El día que Bruno Villanueva decidió por fin entregar su carta de dimisión amaneció con una fuerte tormenta sobre la ciudad. Las calles se habían convertido en ríos desbocados que arrastraban todo aquello que se interponía en su camino: excrementos de perro, bolsas de plástico, cartones, botellas de vidrio e incluso alguna rata despistada a la que la lluvia había sorprendido lejos de su guarida. Bruno, de cincuenta años y más de media vida dedicada a la crítica cinematográfica, no pudo evitar sentirse dichoso ante aquel panorama, pues sabía que en las películas la lluvia representaba en ocasiones una metáfora del bautismo, un renacer, una segunda oportunidad para el protagonista. Pensó que cuanto mayor fuera la fuerza con que el agua golpeara los cristales de su dormitorio mayor sería la probabilidad de triunfo en esa nueva vida. Estaba firmemente decidido a memorizar así aquel amanecer: no sólo como una casual coincidencia climatológica sino también como un guiño del destino, una señal clavada en su camino para indicarle que todo iría bien, que había tomado la decisión correcta. Era su primer pensamiento positivo en los últimos meses.

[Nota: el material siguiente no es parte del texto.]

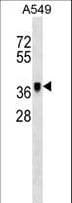METAP1 Antibody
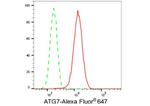 ATG7 Antibody in Flow Cytometry (Flow)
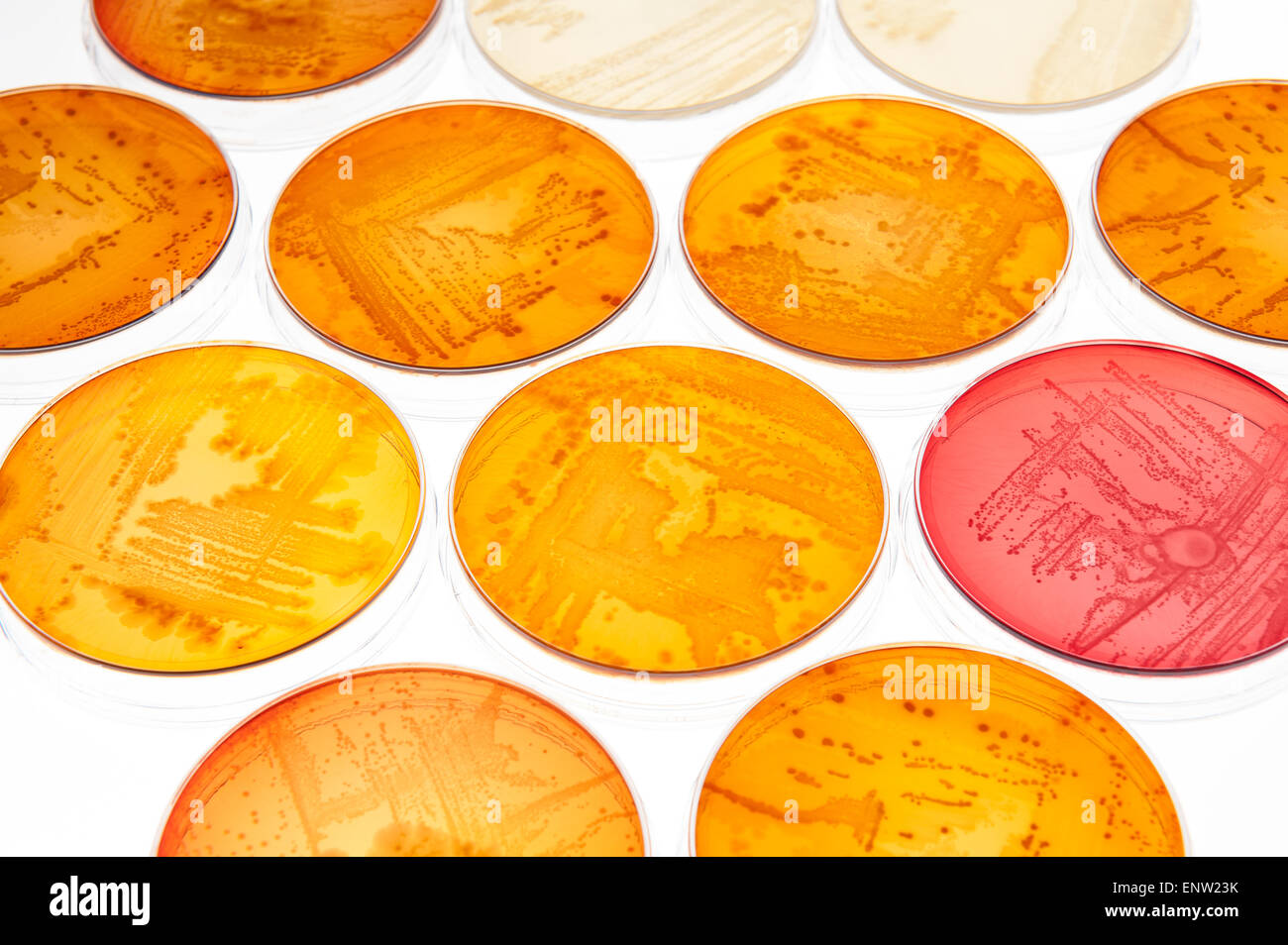 Agar MacConkey agar selectivo de un laboratorio de microbiología clínica de  medio de cultivo para aislar bacterias Gram-negativos y bacilos entéricos  bacterias Fotografía de stock - Alamy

Con el desayuno tragó la primera de las cinco pastillas que consumía al día. Era una píldora de color azul y tamaño medio, un compuesto a base de escitalopram que le ayudaba a pasar por alto ideas como la que en ese preciso momento amenazaba con estropear su feliz mañana: la coincidencia entre la lluvia y su decisión de entregar la carta no había sido casual. La carta llevaba más de un mes en el cajón de su escritorio, y si no había salido de allí antes no era porque no estuviera seguro de abandonar el trabajo o porque temiera las consecuencias de una decisión tan drástica, sino únicamente porque la ciudad atravesaba entonces una larga temporada de cielos despejados y clima seco. Sí, Bruno Villanueva, de cincuenta años, había esperado durante semanas a que llegara la lluvia antes de presentar su renuncia laboral.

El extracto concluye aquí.